After only three months as CEO of Puerto Rico’s biggest bank, Ignacio Alvarez already faces a career-defining challenge: Playing a leading role in the restoration of the island’s banking system after the devastation of Hurricane Maria.
“If you’re not here in Puerto Rico, you can’t perhaps imagine the level of destruction that we’ve had,” Alvarez, CEO of the $41 billion-asset Popular, said in an interview.
The San Juan company, which holds a third of the island's deposits, operates about 170 branches under the Banco Popular brand, in addition to its offices on the U.S. mainland. In the five days after the powerful hurricane ripped through the Caribbean, downing trees, pummeling homes and washing out roadways, Alvarez focused on assessing the damage.
Executives used satellite phones to call employees in far-flung areas, such as the small island of Vieques, and also ordered technicians to visit branches in hard-hit communities by car. So far, the news has been mixed: All employees are safe, but some lost their homes, according to Alvarez. The storm, meanwhile, demolished four bank branches and inflicted a range of relatively minor problems, such as broken windows and water damage, on the company’s other locations.
With electricity and cell service knocked out across Puerto Rico, restoring banking services will likely be a long haul. Popular has so far opened about 18 branches (11% of the total), including a handful around San Juan, with the help of diesel-powered generators. The company estimates that it can open and operate 60 branches while still preserving its diesel supply.
Getting ATMs back online is also proving difficult, as power is spotty and communication lines are down.
“We have to get the banking system up and running,” Alvarez said, noting that is sole only focus at the moment. “Our clients have to have access to their wire transfers” and other services.
In addition to Popular, community banks such as the $12 billion-asset First Bancorp and the $6 billion-asset OFG Bancorp, both also based in San Juan, each control less than 10% of the island's deposits, according to the Federal Deposit Insurance Corp. Citigroup does a lot of business on the island, too.
Before Hurricane Maria, of course, Puerto had already been in dire financial straits; this spring it filed for the largest-ever local-government bankruptcy, unable to repay roughly $70 billion in debt.
Since the storm hit late last week, officials on the island have offered bleak assessments of the damage, saying that the response from the federal government has been slow.
Media reports over the weekend said many residents were isolated without cell service, and running low running low on food, water and gasoline. A crack in a dam on the northwestern part of the island also prompted further evacuations.

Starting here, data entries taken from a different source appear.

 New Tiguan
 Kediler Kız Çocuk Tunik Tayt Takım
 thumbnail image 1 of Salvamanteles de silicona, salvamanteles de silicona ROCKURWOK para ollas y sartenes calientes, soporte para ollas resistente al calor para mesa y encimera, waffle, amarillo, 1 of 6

“This is a game-changer,” Governor Ricardo Rosselló told CNN on Monday. “We need to prevent a humanitarian crisis from occurring in America.”
About half of the transmission towers in Puerto Rico may be down, and more than 90% of the distribution system could be destroyed, according to a recent note from Keefe, Bruyette & Woods, citing reports from the Federal Emergency Management Agency.
Alvarez said that the primary hurdle in restoring financial services is the lack of phone service and electricity. Getting those services up and running could take a while, as officials over the weekend predicted that restoring power could take as long as six months.
“It’s very difficult because so much of the modern world depends on communications,” Alvarez said.
In the meantime, Alvarez said Popular is working closely with the local government, which he said has provided security for transporting cash to ATMs. Additionally, Richard Carrión, the company’s executive chairman, has also been instrumental in organizing charity donations in New York.
Popular also plans to waive fees on its ATMs for out-of-network customers and is working on an initiative to provide temporary relief for customers who have loan payments coming due.
It’s unclear what kind of immediate impact the hurricane and recovery efforts will have on Popular’s bottom line. “We’re not in a position to [assess] that yet,” Alvarez said.
Over the long term, however, there could be an economic upside to the hurricane damage, according to Alvarez.
Federal disaster aid and insurance payouts could be a boon to the local construction industry, which has struggled for years in Puerto Rico’s depressed economy. Much-needed improvements to the island's infrastructure could also be around the corner.
As for Popular, Alvarez said that employees are in good spirits about the recovery.
“We’ll be back — and we’ll be back sooner than people expect,” he said.